When you reproduce these records, keep every word exactly and drop the images.

(Image-text web data)
((

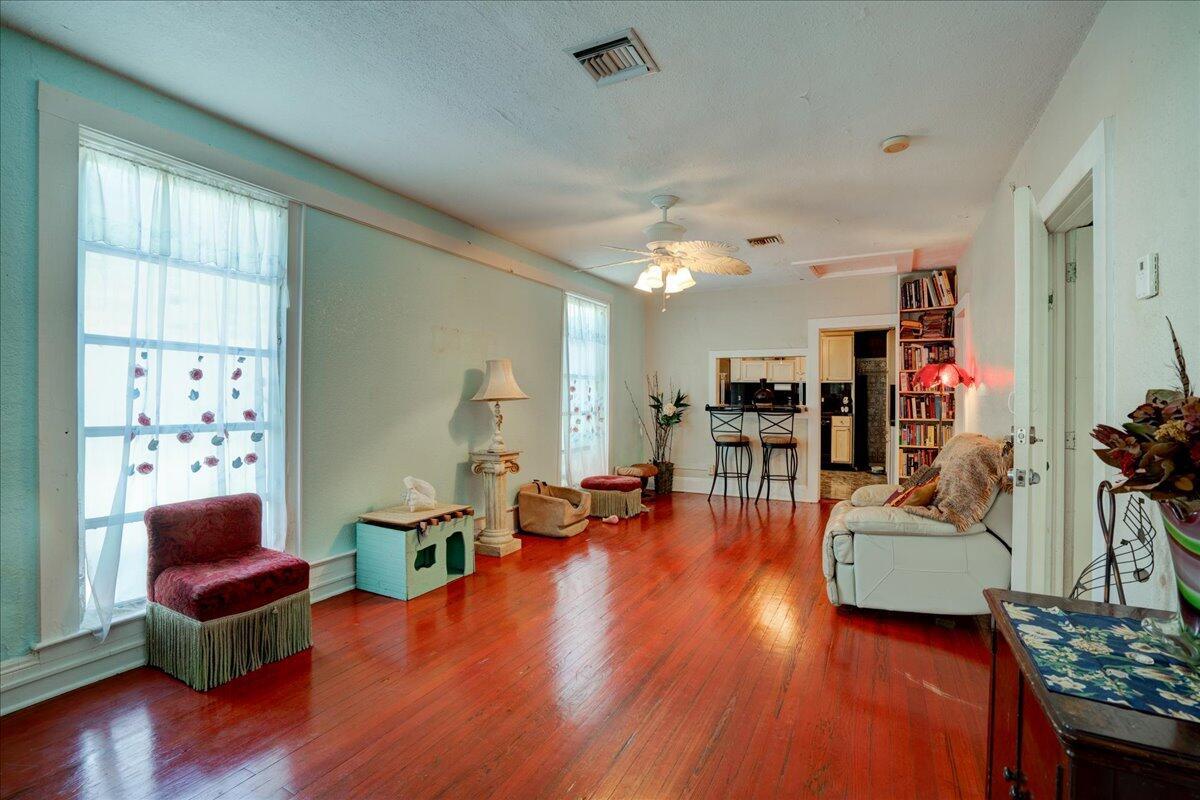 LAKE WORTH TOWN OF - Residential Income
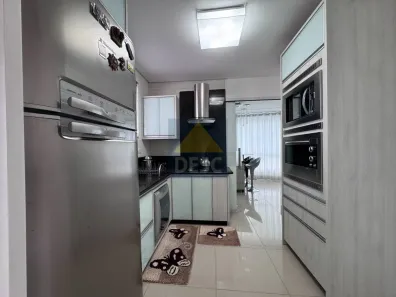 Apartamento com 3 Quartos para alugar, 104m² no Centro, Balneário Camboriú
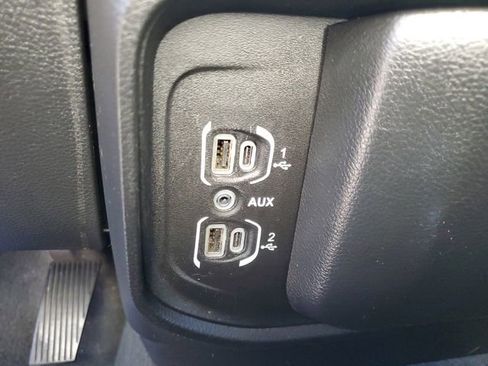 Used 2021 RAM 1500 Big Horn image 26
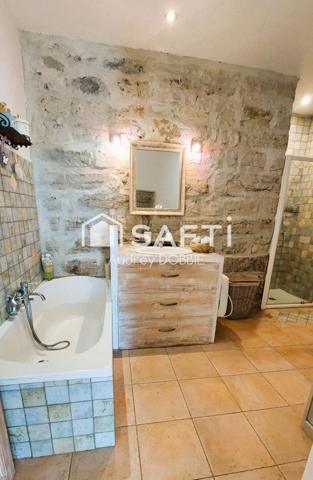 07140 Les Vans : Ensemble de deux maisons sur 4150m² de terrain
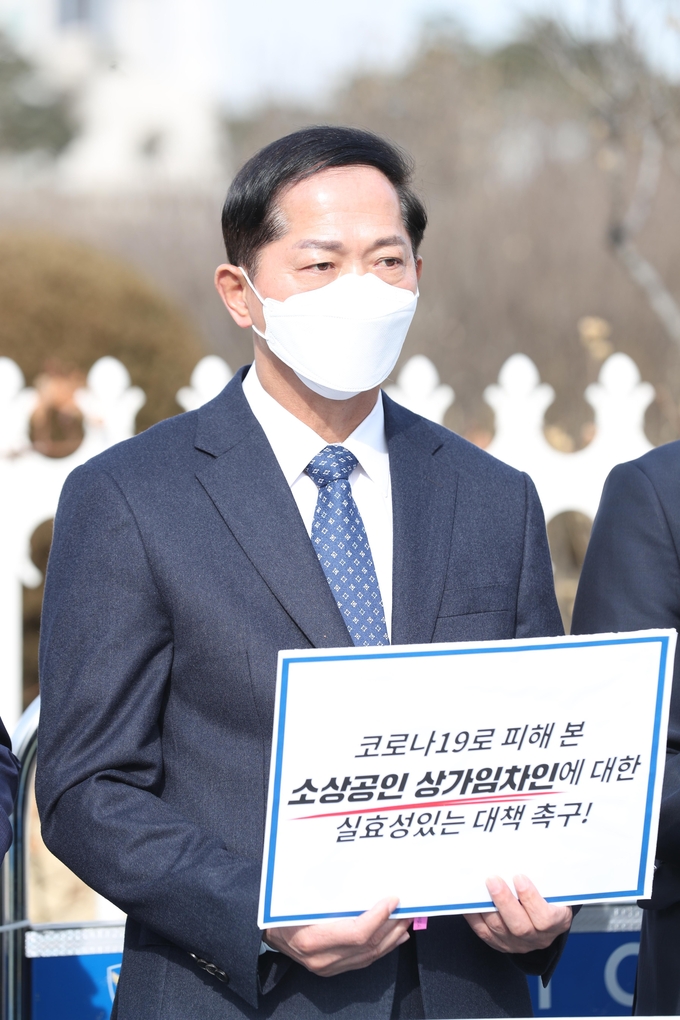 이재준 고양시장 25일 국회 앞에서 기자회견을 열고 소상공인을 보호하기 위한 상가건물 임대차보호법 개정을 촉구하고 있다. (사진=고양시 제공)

))

**Written solution:**
 LAKE WORTH TOWN OF - Residential Income
 Apartamento com 3 Quartos para alugar, 104m² no Centro, Balneário Camboriú
 Used 2021 RAM 1500 Big Horn image 26
 07140 Les Vans : Ensemble de deux maisons sur 4150m² de terrain
 이재준 고양시장 25일 국회 앞에서 기자회견을 열고 소상공인을 보호하기 위한 상가건물 임대차보호법 개정을 촉구하고 있다. (사진=고양시 제공)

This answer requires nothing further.